Operasional Sarijaya Ditalangi BEI

Operasional Sarijaya Ditalangi BEI

- detikFinance
Selasa, 17 Feb 2009 15:42 WIB
Operasional Sarijaya Ditalangi BEI
Jakarta - Bursa Efek Indonesia (BEI) telah memberikan pinjaman dana kepada PT Sarijaya Permana Sekuritas untuk dana operasional. Dana tersebut sudah hampir habis dan operasional Sarijaya terancam berhenti total.

"Kami memang telah memberi pinjaman ke Sarijaya untuk operasional mereka. Besarnya pinjaman hampir Rp 1 miliar," ungkap sumber detikFinance di Bursa Efek Indonesia, Jakarta, Selasa (17/2/2009).

Menurut sumber tersebut, dana pinjaman memang diberikan setelah Sarijaya dihentikan sementara aktifitas perantara perdagangan sahamnya (suspensi) oleh BEI pada 6 Januari 2009.

SCROLL TO CONTINUE WITH CONTENT

"Mereka kan sedang kesulitan likuiditas. Namun mereka kan harus memiliki dana operasional untuk keperluan proses verifikasi. Jadi BEI memberikan pinjaman pada mereka," ujar sumber tersebut.
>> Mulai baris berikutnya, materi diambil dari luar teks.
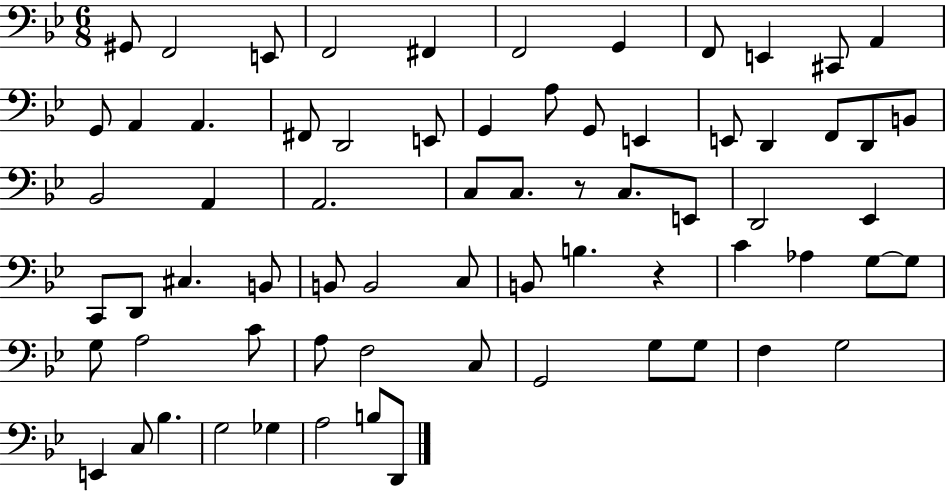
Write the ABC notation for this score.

Kabar mengenai pinjaman dana dari BEI ini diberikan oleh salah seorang karyawan Sarijaya kepada detikFinance. Karyawan tersebut mengatakan bahwa dana pinjaman tersebut sudah hampir habis, sehingga gaji mereka pun diperkirakan hanya akan dibayar terakhir untuk Februari 2009.

Sehubungan dengan itu, Direktur Perdagangan Fix Income dan Derivatif, Keanggotaan dan Partisipan BEI Guntur Pasaribu enggan berkomentar lebih jauh soal adanya pinjaman tersebut.

"Kalau soal itu, tanyakan ke manajemen Sarijaya saja deh. Kita nggak bisa komentar," ujar Guntur.

Sementara Kepala Biro Transaksi dan Lembaga Efek Badan Pengawas Pasar Modal & Lembaga Keuangan (Bapepam-LK) Nurhaida, juga enggan berkomentar soal itu.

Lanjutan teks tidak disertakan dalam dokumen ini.